Published online by Cambridge University Press: 05 February 2013
Why did goethe marry Christiane Vulpius, his companion of eighteen years, on 19 October 1806, five days after Napoleon's victory over Prussia at the battle of Jena-Auerstedt? The act perplexed Weimar gossips at the time, angering some, and Goethe's motives for suddenly marrying then have been much discussed since.

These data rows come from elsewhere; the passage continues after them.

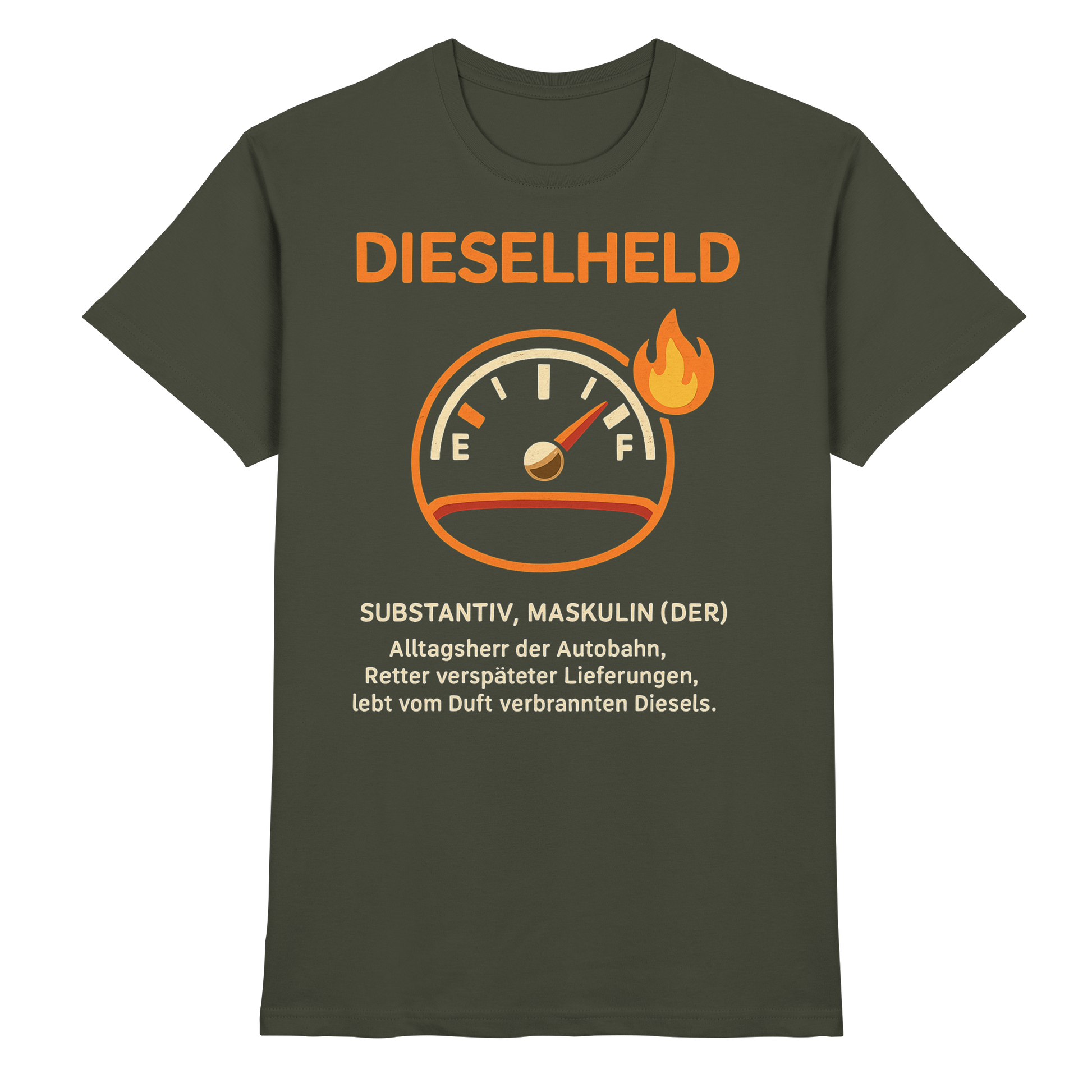 Dieselheld - Premium Shirt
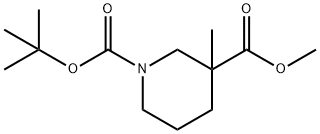 N-BOC-3-甲基-3-哌啶甲酸甲酯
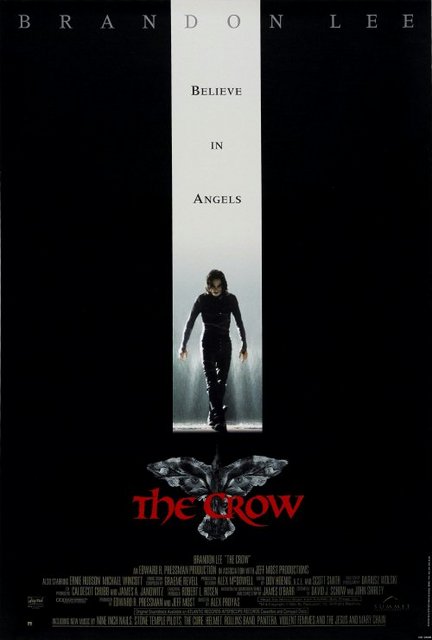 Kruk / The Crow (1994) Remastered.MULTi.1080p.BluRray.Remux.AVC.DTS-HD.MA.5.1-fHD / POLSKI LEKTOR i NAPISY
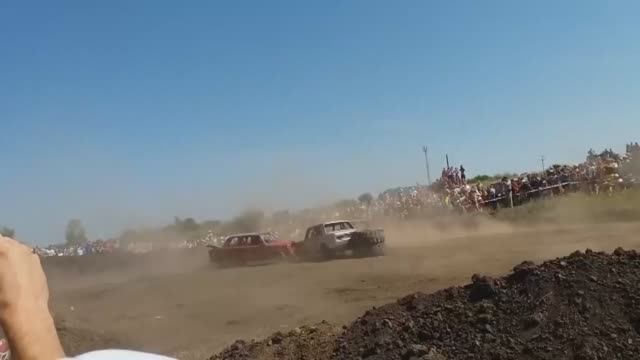 Авто-битва 2016. Или как убить тачку.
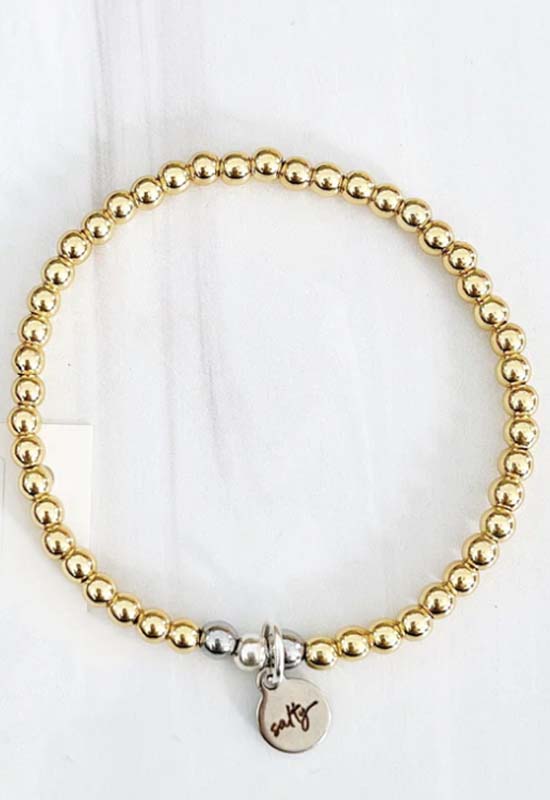 Salty Wrists - 2MM Salty Gold Filled Bracelet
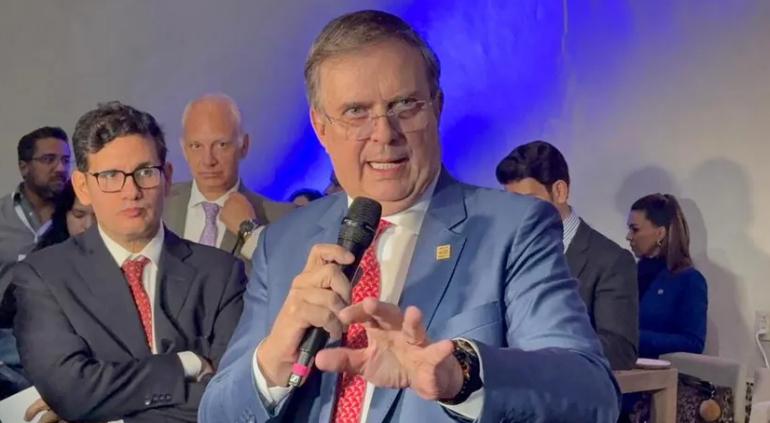 Recaudarían U$70 mil millones por arancelazo: Ebrard🎦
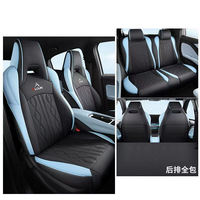 Housse de siège de voiture entièrement couvrante pour BYD Seagull Dolphin Mini 2021 2022 2023 2024 2025 Accessoires Intérieur Kits Auto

After the wedding, a legend rapidly jelled: that the poet had married Christiane primarily out of gratitude, to thank her for her valiant defense of his person and home from the French soldiery plundering Weimar on the “schreckliche Nacht” of 14 October. One report, by the Jena anatomist J. C. Loder, can stand for several:
Goethe ward allerdings geplündert und ein Paar brutale Kerls drangen mit ihren Degen auf ihn ein und hätten ihn vielleicht umgebracht oder wenigstens verwundet, wenn die Vulpius sich nicht auf ihn geworfen und ihn theils dadurch, theils durch einige silberne Leuchter, die sie sogleich hergab, gerettet hätte. Dafür hat er sie geheyrathet und der Herzog hat nachher seine Einwilligung dazu gegeben, auch haben die Weimarischen Damen … die neue Geheime Räthin in ihre Gesellschaften gebeten und sie dadurch gefirmelt.

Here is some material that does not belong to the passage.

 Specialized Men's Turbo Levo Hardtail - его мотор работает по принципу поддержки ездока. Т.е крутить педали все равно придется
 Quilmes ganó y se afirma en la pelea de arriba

This explanation (a dominant one in the literature until about 1950, and still recycled in its more popular strains) appears to have been set into circulation by Goethe himself, who cites gratitude as a catalyst for his decision in a letter of 17 October to Wilhelm Christoph Günther (the court chaplain of the Jakobskirche in Weimar) requesting that Günther officiate at his wedding on the 19th.